In the age of personal branding it can be hard to tell where the brand ends and the person begins — because by now, we all know how to build a personal brand, whether we want to or not.

According to Zuckerberg, I should be the same me online as I am everywhere else, but I find the mere thought of that exhausting. I don’t want to bring all of me online. 

‘Me’ is a huge, complex concept that isn’t easily distilled into a few quippy posts on social media. I have enough trouble dealing with All of My Autistic Me in my own day-to-day, why would I want to impose that on everyone else as well? You’ve all got your own problems!

No, I’m online for a purpose. I’m online because I’m a writer. And maybe a little because I’m a lonely writer who wouldn’t mind a little company in her solitary craft.

So, I’m here for a purpose, but what is that purpose? I’m a writer, so I should talk about writing? But I don’t want to become a writing tips broadcaster. 

And it’s not because I don’t like talking about the craft — in fact, I will gladly talk about it until the cows come home — but I don’t think I’m the best source of ‘how to’ guides. There are bigger, better teachers out there whoc are more about teaching than I do. That hasn’t stopped me from having a few writing how-to’s of my own, but I basically wrote those as memos to self and wanted them in an easily accessible place.

I can talk about what it is like to write, the writer’s life. But even to talk about that I often struggle to put the words together. Sometimes, I think it’s because I don’t know who I am online

I don’t want to come online to drown, but not drowning can be hard when the online world is awash with personal branding.

Like most Millennials, I’ve been through the social media mill and I didn’t like what it did to me. I don’t want to be here to get hung up on vanity metrics. I like laughing and deep thinking and intelligent analysis. 

I don’t like the yelling and screaming and fighting that is so prevalent online (it’s one of the reasons I can’t stand a large part of BookTok). I also can’t be arsed to manage an account where I constantly have to clean out the rabble rousers getting righteous on their perceived moral high grounds in the comments. I’m all for discourse, but I believe it should add to the experience, not make you want to defenestrate yourself.
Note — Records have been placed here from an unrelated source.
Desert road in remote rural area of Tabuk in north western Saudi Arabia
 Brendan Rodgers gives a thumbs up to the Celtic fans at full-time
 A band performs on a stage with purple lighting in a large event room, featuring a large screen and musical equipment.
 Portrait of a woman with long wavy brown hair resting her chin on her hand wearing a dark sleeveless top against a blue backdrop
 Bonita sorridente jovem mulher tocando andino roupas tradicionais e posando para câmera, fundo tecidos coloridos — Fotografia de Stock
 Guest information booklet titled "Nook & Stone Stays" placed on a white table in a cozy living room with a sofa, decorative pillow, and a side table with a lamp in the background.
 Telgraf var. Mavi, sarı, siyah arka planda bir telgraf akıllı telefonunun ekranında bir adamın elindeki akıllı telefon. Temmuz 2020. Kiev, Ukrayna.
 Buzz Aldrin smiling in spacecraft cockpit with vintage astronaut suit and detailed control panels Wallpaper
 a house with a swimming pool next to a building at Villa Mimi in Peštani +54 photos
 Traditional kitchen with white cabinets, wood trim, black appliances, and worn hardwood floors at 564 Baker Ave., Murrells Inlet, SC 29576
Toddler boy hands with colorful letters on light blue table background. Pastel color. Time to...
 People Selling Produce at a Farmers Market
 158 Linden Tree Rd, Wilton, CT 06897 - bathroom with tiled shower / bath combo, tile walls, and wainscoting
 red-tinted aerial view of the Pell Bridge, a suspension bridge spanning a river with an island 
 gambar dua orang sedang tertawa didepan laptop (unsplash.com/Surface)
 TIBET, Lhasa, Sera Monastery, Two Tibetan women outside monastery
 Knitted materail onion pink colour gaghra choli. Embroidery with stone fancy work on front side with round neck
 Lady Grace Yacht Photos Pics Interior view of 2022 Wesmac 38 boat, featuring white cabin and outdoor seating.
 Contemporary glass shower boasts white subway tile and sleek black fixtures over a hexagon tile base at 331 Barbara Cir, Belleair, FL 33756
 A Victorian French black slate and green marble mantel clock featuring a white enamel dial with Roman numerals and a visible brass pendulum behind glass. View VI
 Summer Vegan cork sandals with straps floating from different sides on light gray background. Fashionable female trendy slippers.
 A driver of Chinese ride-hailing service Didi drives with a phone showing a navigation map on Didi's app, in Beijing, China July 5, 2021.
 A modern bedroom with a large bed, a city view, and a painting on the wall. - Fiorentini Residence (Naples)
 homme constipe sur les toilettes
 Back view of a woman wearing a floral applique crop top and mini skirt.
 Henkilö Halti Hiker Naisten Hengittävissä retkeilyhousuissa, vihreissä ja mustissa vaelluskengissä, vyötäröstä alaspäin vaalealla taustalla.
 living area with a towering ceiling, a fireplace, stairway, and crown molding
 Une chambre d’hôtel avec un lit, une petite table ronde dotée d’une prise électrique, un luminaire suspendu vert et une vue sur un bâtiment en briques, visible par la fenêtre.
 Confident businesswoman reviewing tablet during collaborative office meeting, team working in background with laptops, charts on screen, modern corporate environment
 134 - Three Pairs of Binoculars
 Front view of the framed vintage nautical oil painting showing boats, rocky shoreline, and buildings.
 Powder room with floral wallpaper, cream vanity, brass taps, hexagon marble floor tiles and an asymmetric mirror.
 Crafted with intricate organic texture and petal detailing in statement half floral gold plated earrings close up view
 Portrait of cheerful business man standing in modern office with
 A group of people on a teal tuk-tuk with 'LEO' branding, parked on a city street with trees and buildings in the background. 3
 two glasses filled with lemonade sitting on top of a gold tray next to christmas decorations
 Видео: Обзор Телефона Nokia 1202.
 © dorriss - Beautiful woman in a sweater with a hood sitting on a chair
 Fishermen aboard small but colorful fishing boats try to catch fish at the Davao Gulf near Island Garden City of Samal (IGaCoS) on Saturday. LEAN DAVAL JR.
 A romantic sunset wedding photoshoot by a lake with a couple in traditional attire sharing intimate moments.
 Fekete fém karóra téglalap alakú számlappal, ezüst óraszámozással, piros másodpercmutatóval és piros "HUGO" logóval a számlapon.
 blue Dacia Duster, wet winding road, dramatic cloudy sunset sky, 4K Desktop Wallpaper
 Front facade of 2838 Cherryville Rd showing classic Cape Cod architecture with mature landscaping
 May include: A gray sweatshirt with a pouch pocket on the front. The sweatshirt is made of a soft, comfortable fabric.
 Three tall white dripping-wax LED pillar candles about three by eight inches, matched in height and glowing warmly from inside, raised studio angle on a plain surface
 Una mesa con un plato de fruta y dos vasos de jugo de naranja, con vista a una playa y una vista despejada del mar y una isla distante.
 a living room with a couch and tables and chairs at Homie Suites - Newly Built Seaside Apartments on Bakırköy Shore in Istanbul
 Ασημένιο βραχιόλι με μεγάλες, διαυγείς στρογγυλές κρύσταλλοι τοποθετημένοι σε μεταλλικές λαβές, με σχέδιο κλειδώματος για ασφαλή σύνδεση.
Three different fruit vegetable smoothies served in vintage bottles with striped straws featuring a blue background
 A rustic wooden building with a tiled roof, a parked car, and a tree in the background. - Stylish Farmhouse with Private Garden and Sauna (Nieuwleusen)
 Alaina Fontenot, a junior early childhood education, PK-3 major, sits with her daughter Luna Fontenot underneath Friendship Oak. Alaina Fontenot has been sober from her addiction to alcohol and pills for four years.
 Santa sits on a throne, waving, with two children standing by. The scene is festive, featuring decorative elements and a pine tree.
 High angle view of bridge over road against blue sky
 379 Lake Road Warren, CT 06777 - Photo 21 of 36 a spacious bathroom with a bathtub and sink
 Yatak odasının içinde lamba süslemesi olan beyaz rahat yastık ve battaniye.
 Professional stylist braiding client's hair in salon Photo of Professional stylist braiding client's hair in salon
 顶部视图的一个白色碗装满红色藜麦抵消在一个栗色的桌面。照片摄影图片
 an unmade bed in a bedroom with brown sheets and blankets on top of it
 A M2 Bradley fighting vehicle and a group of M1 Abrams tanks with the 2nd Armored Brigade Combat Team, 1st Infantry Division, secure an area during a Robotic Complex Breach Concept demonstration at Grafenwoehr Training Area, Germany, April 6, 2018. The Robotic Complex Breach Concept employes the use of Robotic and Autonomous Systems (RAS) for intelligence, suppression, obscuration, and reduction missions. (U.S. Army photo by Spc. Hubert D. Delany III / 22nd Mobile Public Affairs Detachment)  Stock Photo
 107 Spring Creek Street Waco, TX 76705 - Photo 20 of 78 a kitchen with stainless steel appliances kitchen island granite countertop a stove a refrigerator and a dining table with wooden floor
I’m not eloquent in person; I’m a quintessential autistic introvert who is quiet and observant, searching for the patterns that make people and the world tick. Written words are my friends because writing gives me time to I think. Even when I write fiction I find I’m thinking through the words. And I suppose that’s the thing I love most, the writing craft itself. I get to know ‘Me’ through my words, I uncover thoughts and feelings and parts of myself that otherwise remain obscured. 

And then I like analysing other written things and reflect on their impact on me. I realise I’m sounding incredibly selfish, but if I’m not going to be selfish about the way I spend the hours in my day, what should I be selfish about? I have this one life and I’d like to make the most of it.

A whistle-stop history tour of the personal brand.

Leonardo Da Vinci planted a seed of personal branding when he wrote a letter seeking to be employed in the Sforza court in the early 1480s.

The Dandies of the late 1800s had documented strategies of how to go from being just a Regular You to a Fancy, Witty, Frivolous Super You. 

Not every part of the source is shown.